Data records:
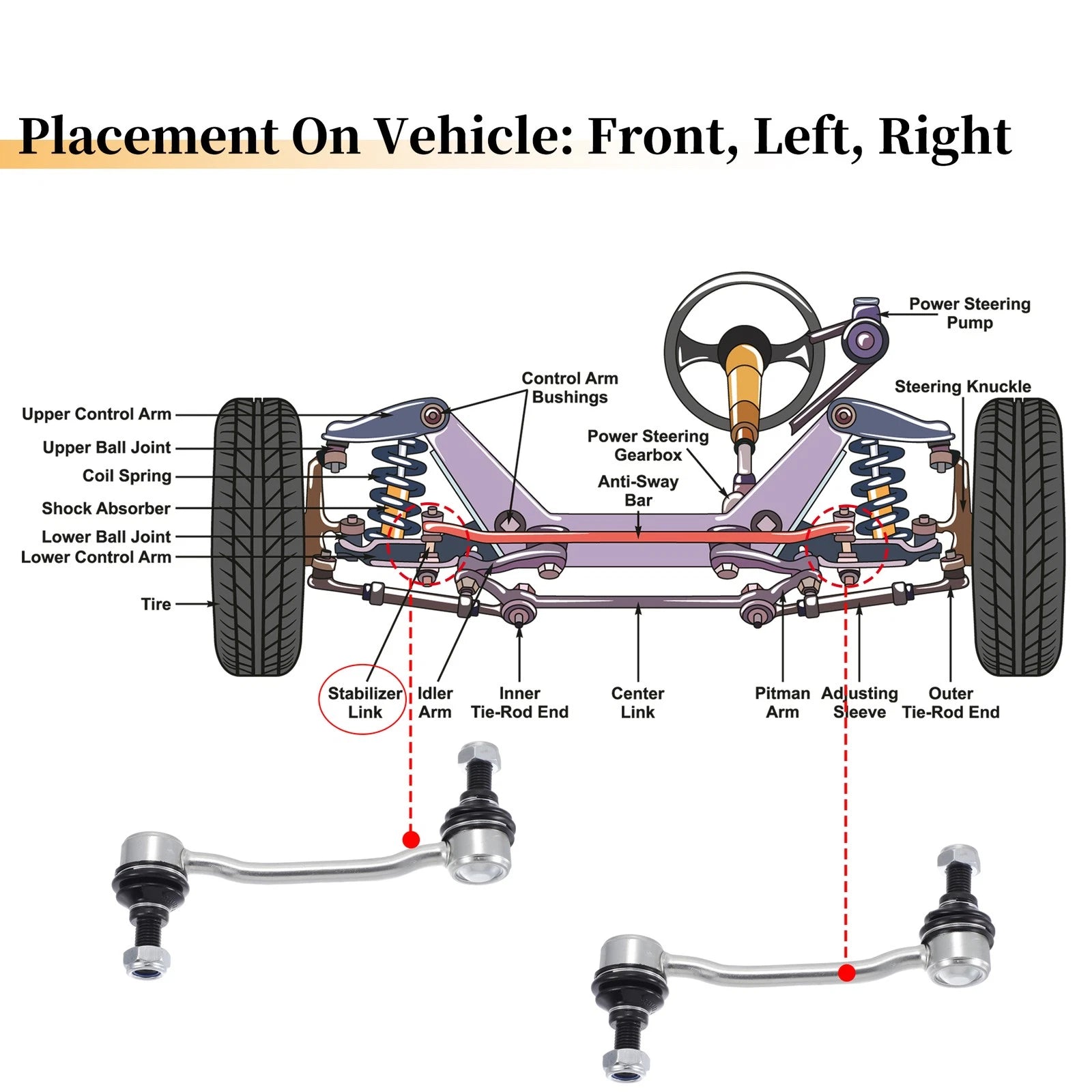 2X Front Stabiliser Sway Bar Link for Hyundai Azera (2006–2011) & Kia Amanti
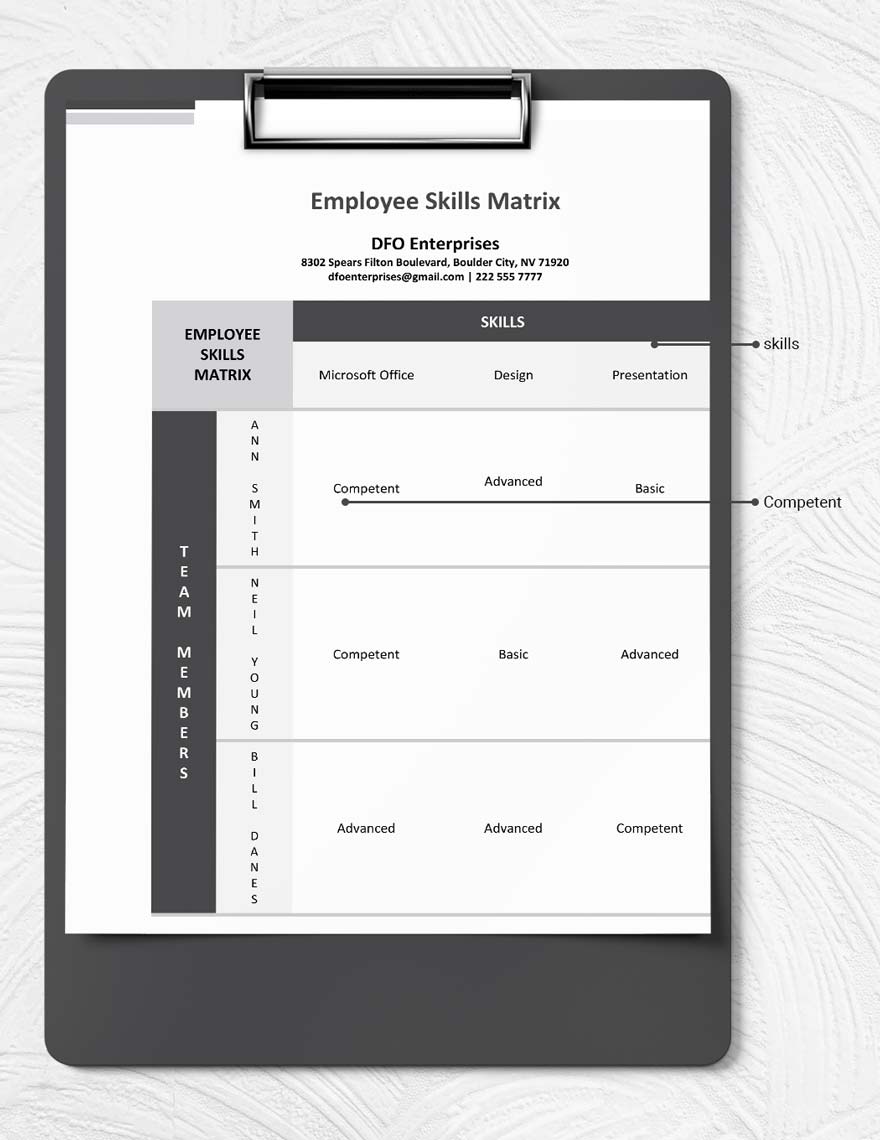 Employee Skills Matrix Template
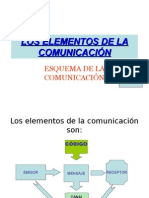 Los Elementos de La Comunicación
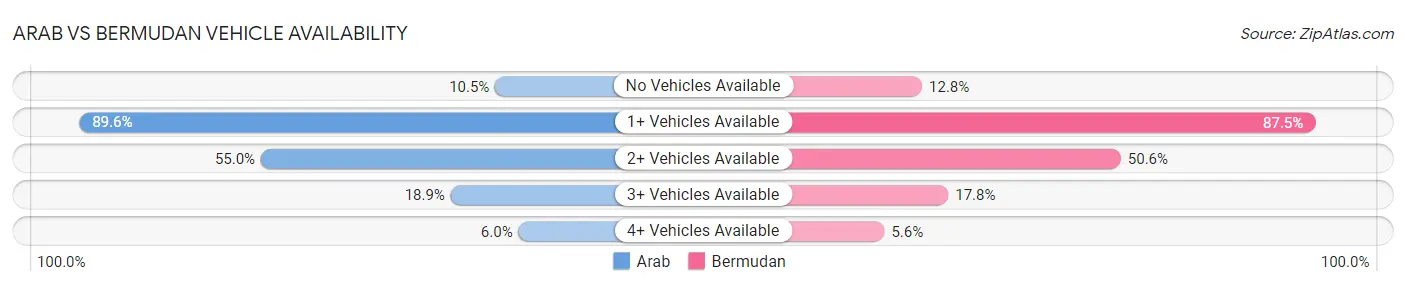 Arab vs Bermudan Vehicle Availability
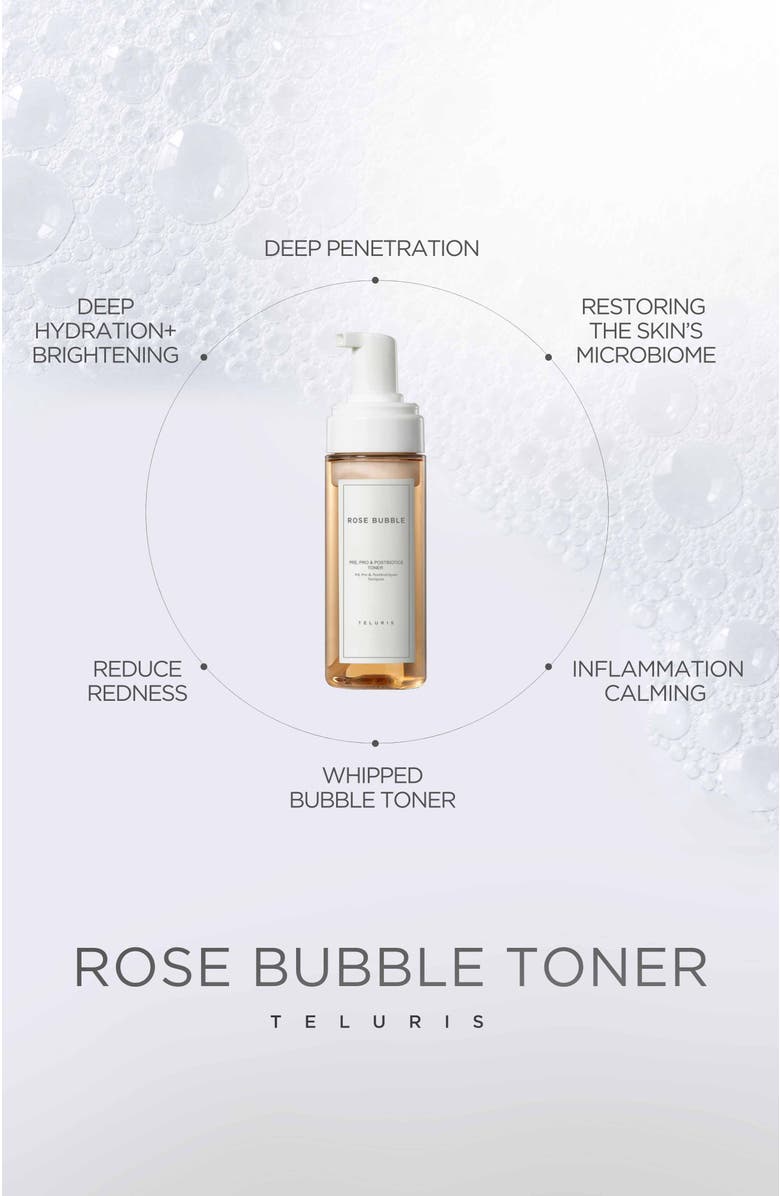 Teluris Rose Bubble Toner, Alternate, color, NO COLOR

### THE PROBLEM
Exclude every picture, then return precisely the lines that run from the line containing "Employee Skills Matrix Template" through the end of the entries above.

### TASK RESULT
 Employee Skills Matrix Template
 Los Elementos de La Comunicación
 Arab vs Bermudan Vehicle Availability
 Teluris Rose Bubble Toner, Alternate, color, NO COLOR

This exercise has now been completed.